While Courtney Claypool, Fairfield County, CT, grew up around horses, she enjoyed the opportunity to work closely with the weanlings. “I had never worked with them to this extent. Basically we taught them manners. Patience was the key thing – they were well-behaved and smart and made progress quickly. They learned they had nothing to be afraid of as we put halters on them and groomed them.

“I want to get as much experience as possible, and it feels good to be a part of the equine program.  I was glad for the opportunity to work at the show and put a face on Penn State as we worked with industry people.”

Egan pointed out that showing the weanlings and yearlings is also a great way to market both the horses and the equine program for undergraduates. “It shows potential students that we have high quality animals they will have the opportunity to work with, so being part of the show promotes both our breeding program and our students to the entire industry.”

With four weanlings and three yearlings at the show, Penn State earned five championships and four reserve championships. Also, PSU Dynamic Krymsun, a horse shown by Randy Mitchell, earned four firsts in Western Riding and two thirds in Junior Western Pleasure. There were also four PSU-bred futurity horses that were individually owned and exhibited, who earned three championships, two reserves and one third place mention.
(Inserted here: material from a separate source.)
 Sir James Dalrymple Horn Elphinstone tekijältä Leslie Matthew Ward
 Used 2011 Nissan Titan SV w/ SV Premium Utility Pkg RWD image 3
Penn State Quarter Horses stand four stallions and foals approximately 20 mares per year. The main purpose of the farm is to provide horses for use in Penn State’s undergraduate education, extension programs, and research. Horses raised are sold through an annual student run sale in April as yearlings or two year olds. For more information, contact Brian Egan or visit the Penn State Equine Facilities.

All in all, it was a successful day for the horses, and an outstanding educational experience for students.